Thumbing his nose at the grindingly persistent hopes in Washington and elsewhere that someone or something will bring him down, Hussein at the same time seems caught up in the struggle. Most autocrats don’t publicly air the word coup, but the Iraqi president, having survived a war designed in part to break him, is still engaged in the postwar psychological conflict. And his enemies are not letting up.

For the past week, Hussein’s opposition-in-exile has been gathering in Damascus, capital of his longtime nemesis Syrian President Hafez Assad. Leftists, Islamites, democrats, Kurds, Sunni and Shiite Muslims--they are preparing a war council, a sequel to one they convened in Damascus last March to help foment the failed uprisings against Hussein, who had just enough heavy weapons left from the debacle in Kuwait to put them down.

The council is tentatively scheduled for this weekend, and hostile pronouncements have preceded it.

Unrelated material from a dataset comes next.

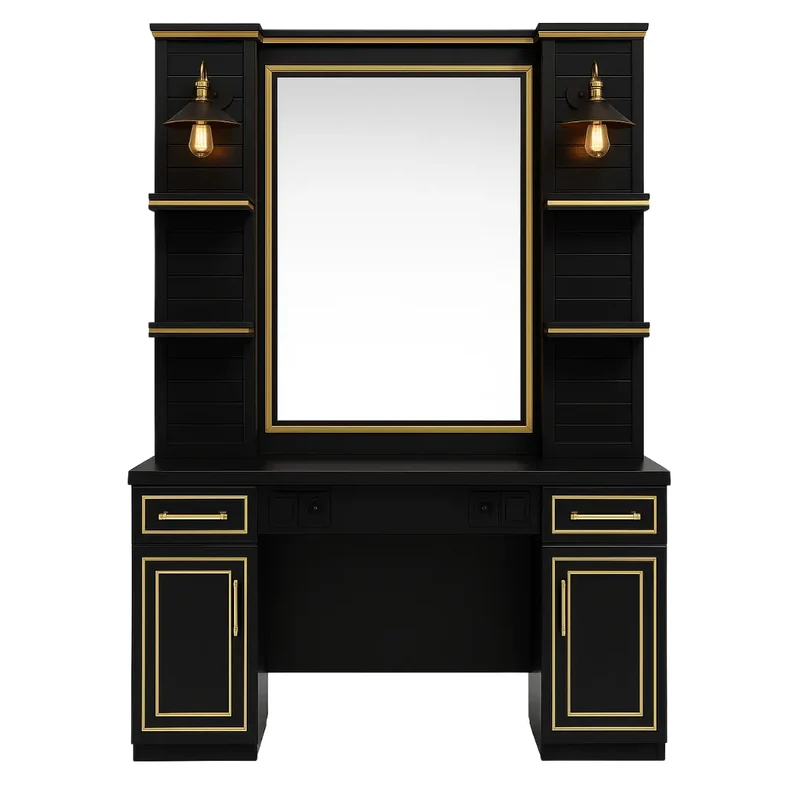 Luxe BARBER STYLING UNIT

Kurdish leader Jalal Talabani, who pushed last spring’s uprising in northern Iraq and then went to Baghdad to talk peace when it failed, is talking war again.

“We are openly cooperating with the Iraqi opposition to overthrow the present government in Iraq. Day by day, Saddam is weakened. He is hated by the army. . . ,” Talabani declared at his headquarters in Kurdish-controlled Iraq.

“The economic crisis alone could finish him,” he said. With unity and U.S. backing, he boasted, the opposition could bring down Hussein “within a month.”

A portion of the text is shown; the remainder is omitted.